Something else found in the 1980s minutes was that farmers were subsidising local consumption of tea. Why the government and the Tea Board had allowed this to happen is not clear — and it is captured in an internal memo dated July 1984 for the Board.
While there were complaints that Kenya Tea Packers (Ketepa) was not earning KTDA any money, it was kept rolling and continued to be the main outfit through which farmers’ money was misappropriated.
The bad manners of yesteryears were inherited by the agency after the government decided to walk away from the task of safeguarding farmers’ interests in KTDA, thanks to a push by MPs from tea-growing areas. The problem with that hurried exit is that nobody knew what role the new agency was to play. So it changed its name and inherited the mischief of the authority.
By the time of its privatisation in 2000, KTDA was holding over Sh1.4 billion belonging to 45 factory companies. While Parliament was told that this was realised from “savings on income” the reality was that this was money deducted by the KTDA barons from farmers — since KTDA was not a profit-making organisation but a farmers’ service organisation. The money was not held in shares but in cash.
WHERE IS MONEY
Then minister Chris Obure told Parliament that the money was part of the “assets” inherited by the new agency and that its board of directors would meet and decide its distribution.
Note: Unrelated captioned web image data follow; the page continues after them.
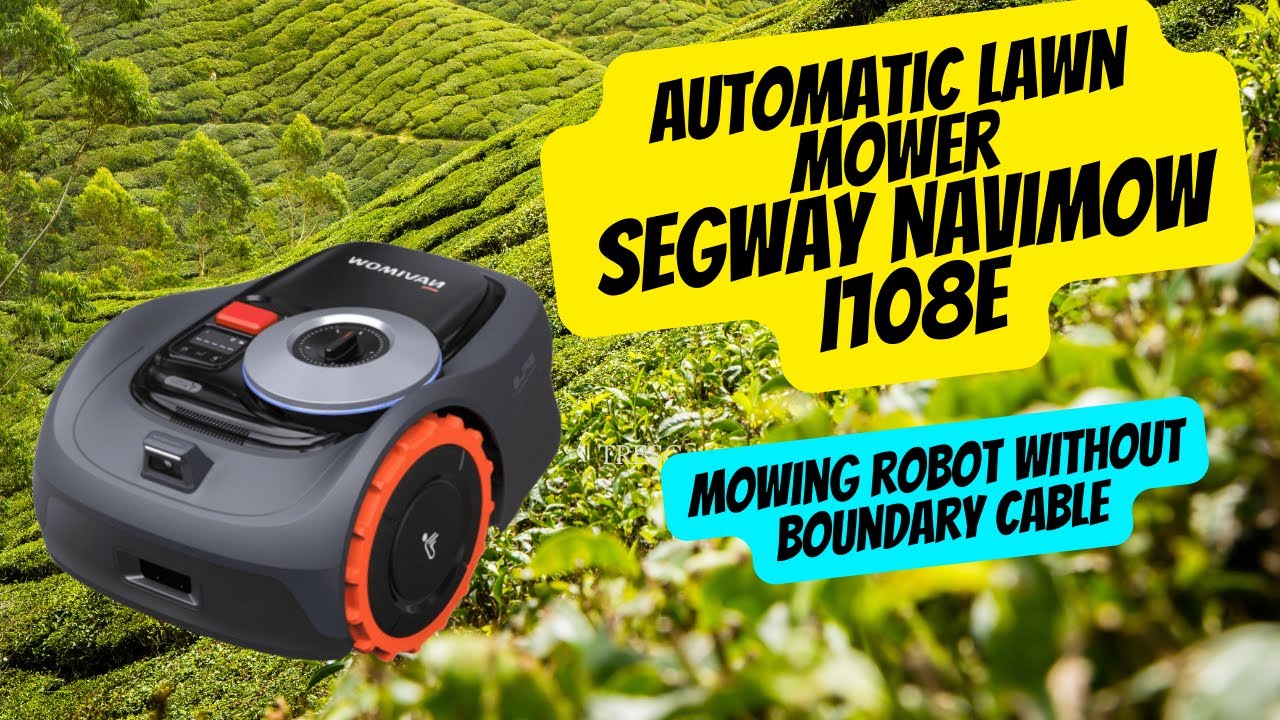 Automatic lawn mower SEGWAY NAVIMOW i108e - mowing robot without boundary cable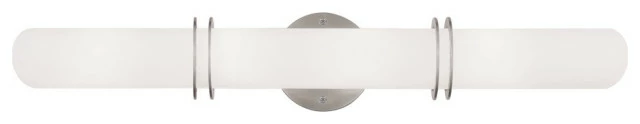 Promo 🌟 Livex Lighting Inc. Pelham Bath Light, Brushed Nickel 👏 1 Promo 🌟 Livex Lighting Inc. Pelham Bath Light, Brushed Nickel 👏
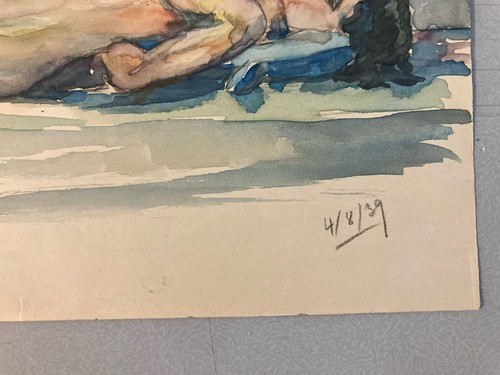 Beau dessin femme nue - femme, art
“I expect the distribution will be in form of shares to be allocated to the 45 tea factory companies,” said the minister.
The DCI should start from here and find out where this money went. There was an evaluation of KTDA assets carried out by Ernst & Young, and it would be important to check this out.
We should have listened to Prof Peter Anyang’ Nyong'o when he stated thus: “In privatising, it is important that the government realises that it must perfect itself as a regulatory agency. One of the crises in the tea industry is that the government does not know what to do with KTDA. Should it be a regulatory agency laying ground rules for the privatised tea sector, or should it continue to be an intervening agency in the economic running of these factories?”
Because we did not answer that question, we are now running to save an industry on the verge of collapse. But somehow, the farmers are still alive and the bushes are still there.
The question remains: Where does the money from KTDA subsidiaries vanish to?